- Devil May Call Official Poster
- Directed by: Jason Cuadrado
- Written by: Jason Cuadrado Wyatt Doyle
- Story by: Jason Cuadrado
- Produced by: Camillia Sanes
- Starring: Corri English Tyler Mane Traci Lords Van Hansis Tracy Perez Camillia Monet Daniel Hugh Kelly
- Cinematography: A.J. Raitano
- Edited by: Vicente Perez Marta Bonet
- Music by: Nicholas Pike
- Production company: Grindstone Entertainment Group
- Release date: 2013;
- Running time: 90 minutes
- Country: United States
- Language: English

= Devil May Call =

Devil May Call is a 2013 horror film directed by American filmmaker Jason Cuadrado and written by Cuadrado and Wyatt Doyle. The film stars Corri English as Samantha, a crisis hotline counselor.

== Plot ==
Blind telephone counselor Sam (Corri English) is leaving. Volunteering to train new employee Jess (Van Hansis), Sam joins skeleton crew Val (Traci Lords) and Jules (Tracy Perez) for one last night on the phones. They’re expecting a quiet night. But John (Tyler Mane), a serial killer and one of Sam’s regular callers, is upset at Sam's leaving and feels betrayed. Seeking revenge, John knocks out the power to the building and begins tearing the office to pieces. Terror ensues.

== Cast ==
- Corri English as Sam Carvin
- Tyler Mane as John Reed Smith
- Traci Lords as Valerie "Val" Kramer
- Van Hansis as Jess Gibson
- Traci Perez as Jules Ibanez
- Camillia Monet as Emily Gretsch
- Daniel Hugh Kelly as Tony Taylor
- Carina Aviles as Ana Charvel

== Production ==
Devil May Call was financed by Urs Brunner, the CEO of Boncafe and Angel and Bear Productions. It is his first American production.

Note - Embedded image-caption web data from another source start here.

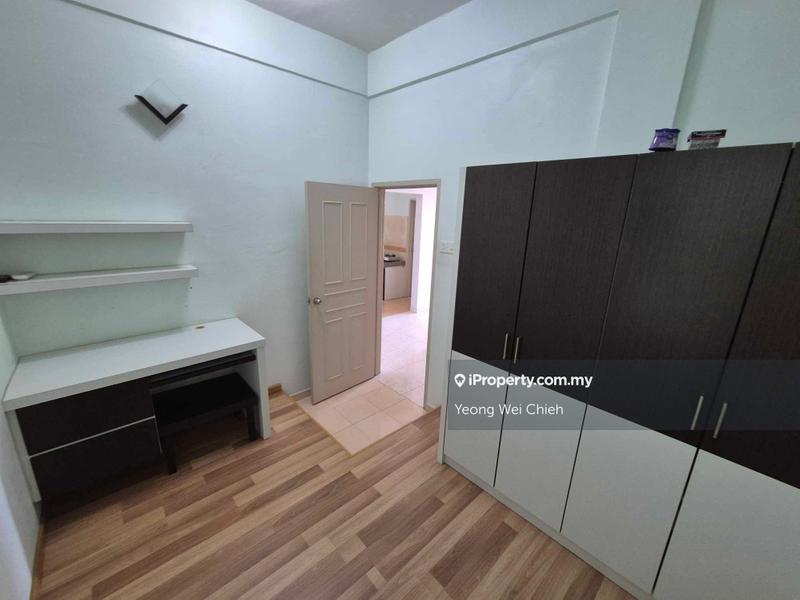 For Sale - Pangsapuri Bukit Beruang Bestari (University View)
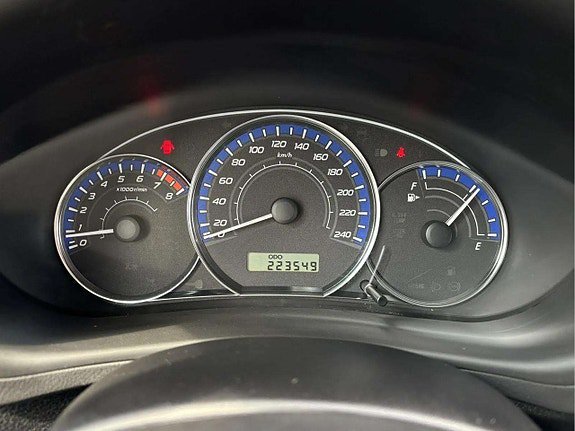 Vehicle Image 13
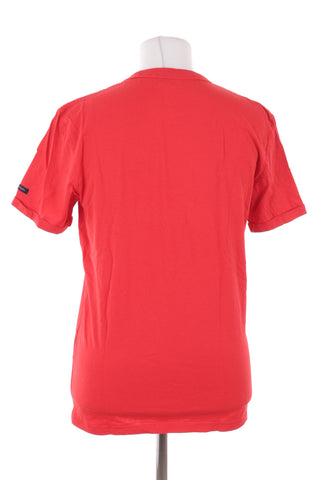 Rotes T-Shirt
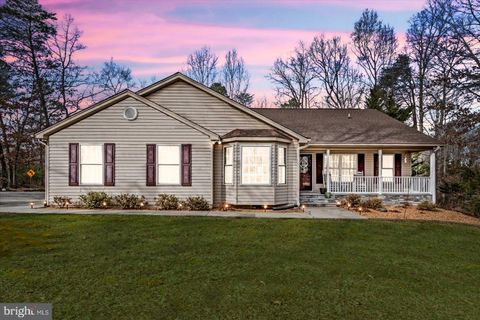 142 YORKTOWN BOULEVARD LOCUST GROVE VA 22508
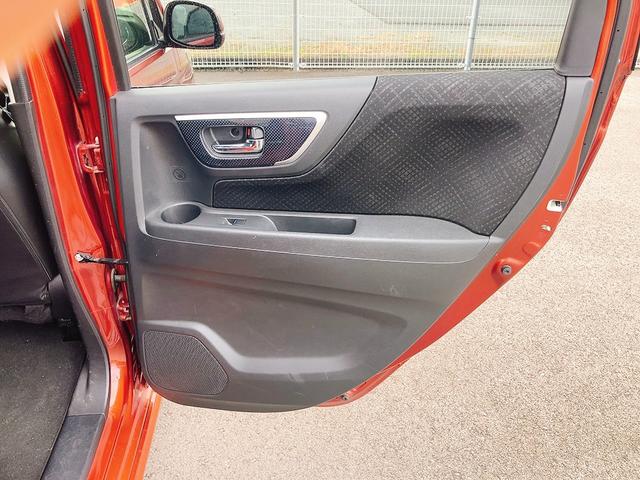 N-WGNカスタム G・Aパッケージ オートクルーズコントロール 衝突被害軽減システム オートライト HID スマートキー アイドリングストップ 電動格納ミラー ベンチシート CVT 盗難防止システム ABS ESC CD(42枚目)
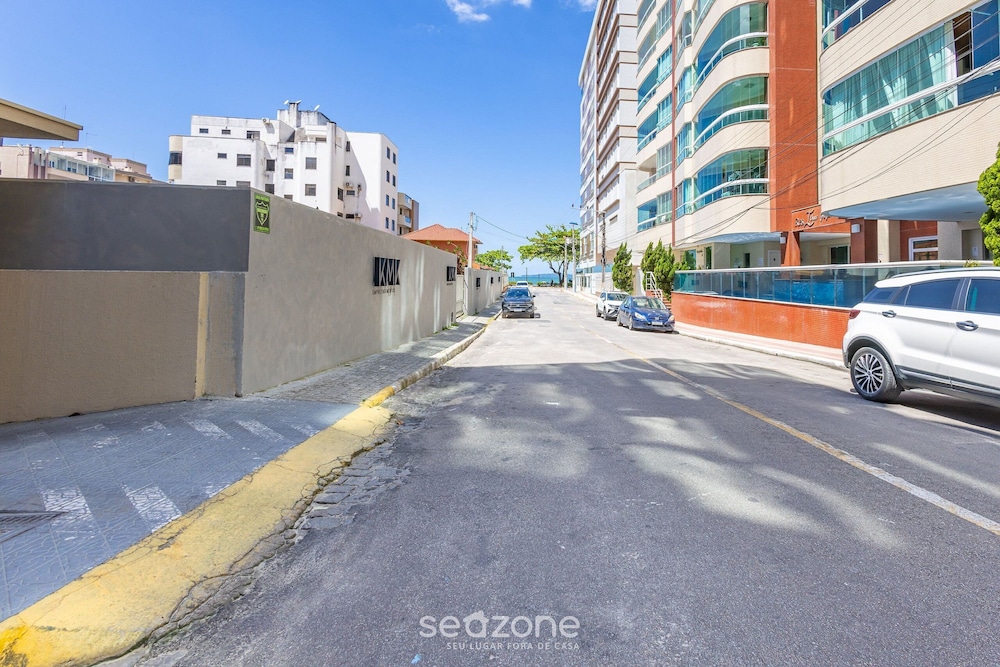 3BR Apt w/ BBQ 50m From Itapema Beach Epo001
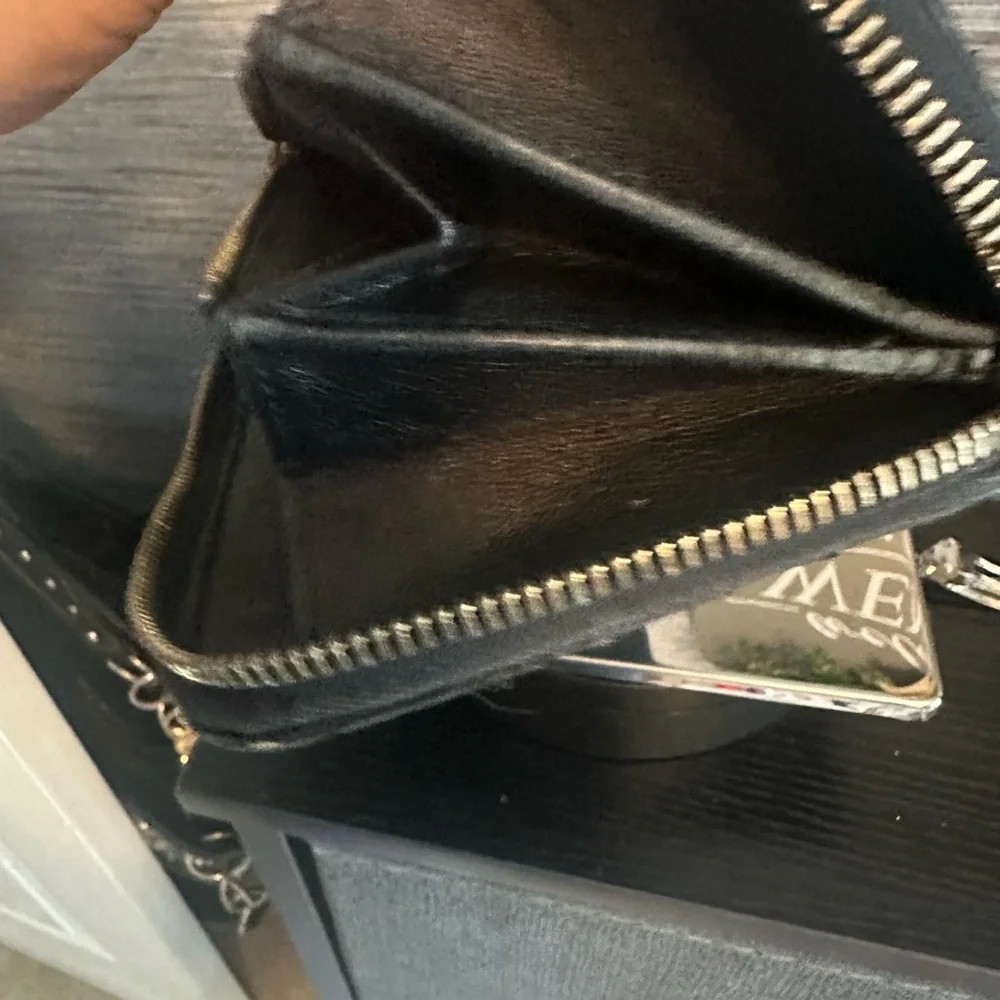 Bottega Veneta Black Woven Wallet - Picture 4 of 9
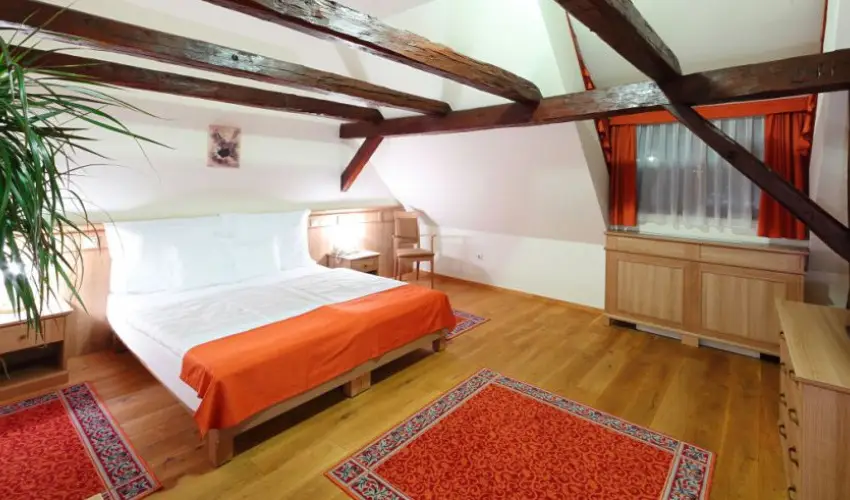 Hotel Historia & Historante Veszprm - Kedvezmnyes r csaldok rszreak reggelis elltssal (1 jtl)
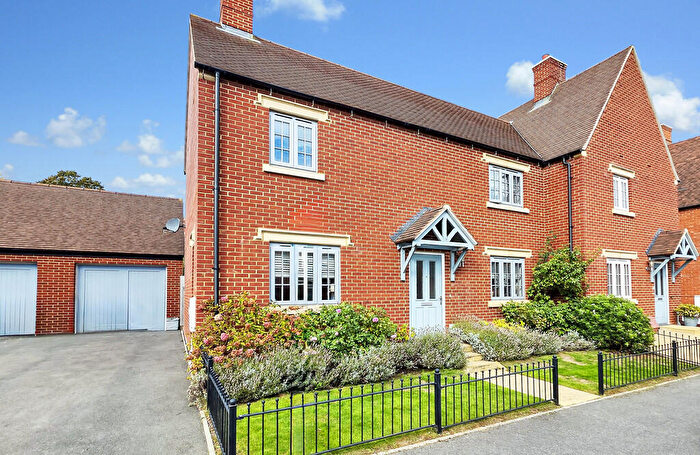 3 Bedroom Semi-Detached House For Sale In Marne Way, Brackley, NN13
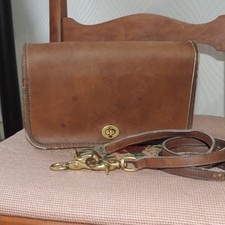 COACH Leather Pocket Purse Style #9755 in British Tan Vintage 1980s Needs TLC picture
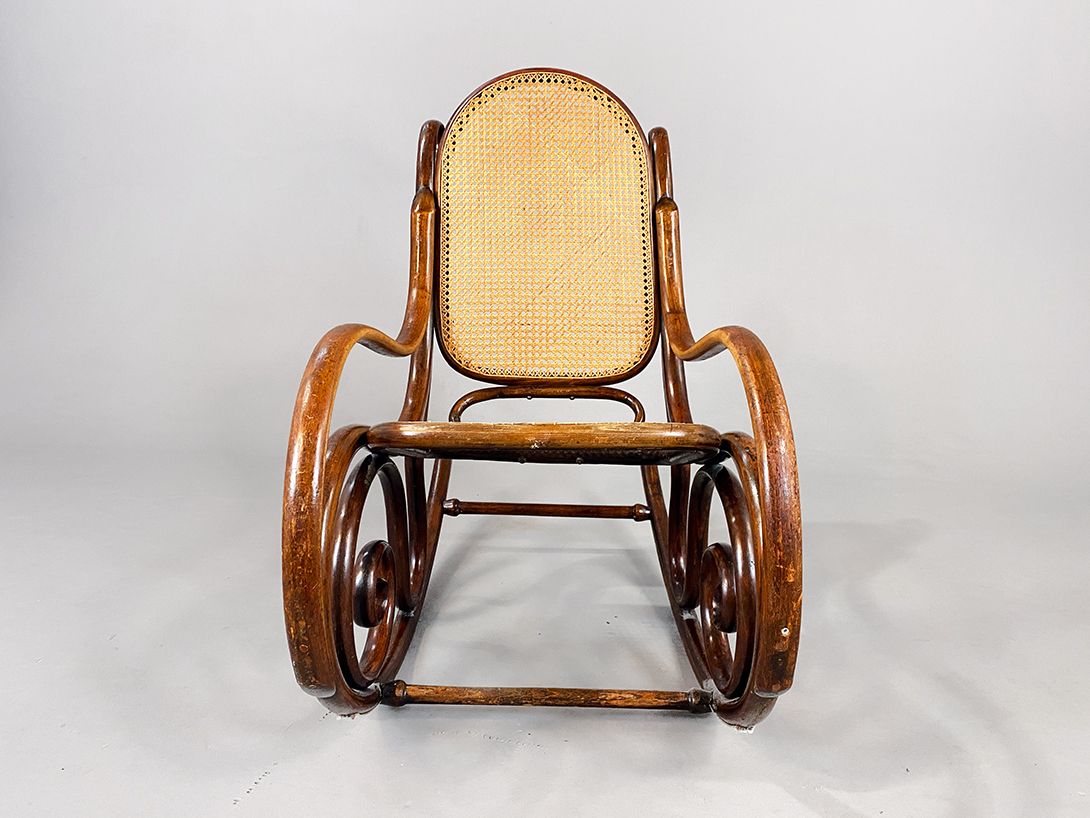 Foto Small Rocking Chair Suitable for Children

Corri English studied with a blind coach to learn the mannerisms of the sight impaired. The production also consulted with crisis hotlines to authenticate the calling process for volunteers and how the centers are managed.

The film was shot in Los Angeles over the course of 12 nights. The office location where most of the action takes place was in a practically abandoned building which helped sell the isolation and general creepiness of the story. A nighttime schedule also allowed the production to work without disturbing the few residents still left in the entire building.

The entire project went from a story by Jason Cuadrado to a completed rough cut in six months. The film was completed and had its domestic premiere at Paramount Studios three months after.

== Distribution ==
North American film rights were acquired by Grindstone Entertainment Group for Lionsgate Home Entertainment.